Educationally Speaking, Rob MacLellan
As I write this, we are only days away from one of the most exciting times in the education world – the start of school.
The only day more exciting than this is the last day of school for the year. I offer a potpourri of thoughts on the eve of this event.
Thousands of students will soon be flocking back into Nova Scotia classrooms. Count yourself lucky if you are one of them. As exciting a time as it is, it is also a time of a certain amount of anxiety. One wonders:
Will the teachers like me, and will I like my teachers?
Will the students like me?
How hard will I find the work?
Will there be much homework?
What should I wear the first day?
How will I find my way around the school?
Do I have all the right school supplies?
I imagine that as you are reading this, you are thinking about your children. It might surprise you to learn that these are also the questions that adult learners ask, and these are also the questions that brand new teachers ask, as well perhaps as experienced teachers who are beginning work in a new school. Do you find that surprising?
We all want to fit in and to get along, so heading into the unknown can be disquieting. Happily, schools are welcoming institutions that want only the best for us. Newly arrived at a school, we will soon find other students, colleagues or mentors who will help us navigate those difficult first days.
After the first couple of weeks, a feeling of normalcy begins to establish itself. At that point, we begin to build relationships that, while they may come and go, provide the support we need to make it through the school year successfully.
Having made it through our first couple of weeks, we can then focus on our day-to-day activities. Let’s consider for a moment the enterprise that is education. I have heard it told to students, both school age and adult alike, that the real world is out there, that school isn’t the real world.
I beg to differ. The world of school and education is as real as it gets, and it is as much work as the world of paid work outside the school walls. In each setting, participants forge relationships with co-workers (other students), have to be on time and must provide reasons for non-attendance, have tasks they must perform, are evaluated on their performance, have to conform to a certain dress code, have their use of or access to wireless technology and social media regulated, and are disciplined for inappropriate workplace behaviours.
I could add more to this list, but I think you get the idea. School and work mean the same thing.
While motivation among individuals will vary, few of us plan to fail. If we take this as a given, then it follows that we need to know how to be successful. The answer is simpler than you might think. In the context of the school environment, give the teachers (and teachers give their principals) what they ask for, and if you get stuck, ask for help. That’s it.

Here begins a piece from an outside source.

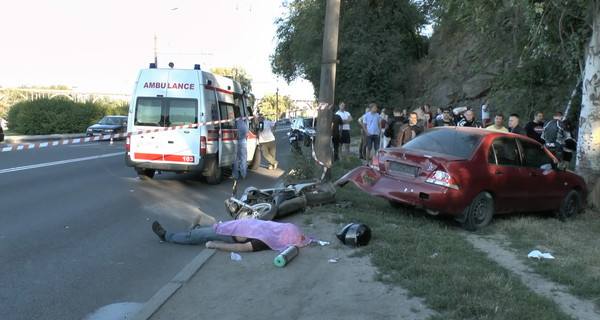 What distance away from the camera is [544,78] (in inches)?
492

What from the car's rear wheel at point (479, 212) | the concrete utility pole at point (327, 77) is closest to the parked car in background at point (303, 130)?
Result: the concrete utility pole at point (327, 77)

What the teachers ask of you will be consistent with the course expectations that you are required to master at each level. When completing an assignment, assume that the person who is going to be reading it knows nothing about the topic, unless you have otherwise been instructed, and make sure that you provide the level of detail that is expected of you. If the details of the assignment are not clear enough for you to understand, ask for further information.

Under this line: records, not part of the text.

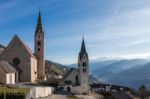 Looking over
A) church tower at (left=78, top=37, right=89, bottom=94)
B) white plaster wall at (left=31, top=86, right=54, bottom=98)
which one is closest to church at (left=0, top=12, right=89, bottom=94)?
church tower at (left=78, top=37, right=89, bottom=94)

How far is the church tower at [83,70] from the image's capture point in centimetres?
9662

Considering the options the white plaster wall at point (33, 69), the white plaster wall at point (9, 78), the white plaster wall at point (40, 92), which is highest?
the white plaster wall at point (33, 69)

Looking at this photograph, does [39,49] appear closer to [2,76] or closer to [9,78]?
[9,78]

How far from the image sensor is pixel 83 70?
99000 mm

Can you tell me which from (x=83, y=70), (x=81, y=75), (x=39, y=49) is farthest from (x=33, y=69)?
(x=83, y=70)

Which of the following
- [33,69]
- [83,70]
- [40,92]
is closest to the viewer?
[40,92]

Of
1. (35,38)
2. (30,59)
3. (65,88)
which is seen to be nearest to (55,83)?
(65,88)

A case in point, I recall one time, many years ago, when a teaching colleague gave an assignment to his class at the conclusion of a week’s study about Greek-Canadians. The assignment was for the students to write a brief essay on what they had learned about this particular Canadian ethnic group.

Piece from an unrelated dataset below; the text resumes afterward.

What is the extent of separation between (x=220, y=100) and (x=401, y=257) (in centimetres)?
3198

A few of his students submitted responses similar to the following: ‘I learned what they ate. I learned where they lived. I learned how they dressed. I learned about their customs and holidays.’
Granted, the teacher might have been a little more specific in the assignment instructions, but the student clearly did not demonstrate any real acquired knowledge in this response and therefore would not have received a good mark. Two-way communication in any relationship is a key component to success in the school and work environment.
In closing, I would encourage all students, both school-age and adult, and new teachers to go forward with confidence into your new workplace of learning. You have the tools that you need to be successful. Don’t worry about the odd stumble along the way; you will find many people willing to help you along, if you only ask. I trust you will have a great year.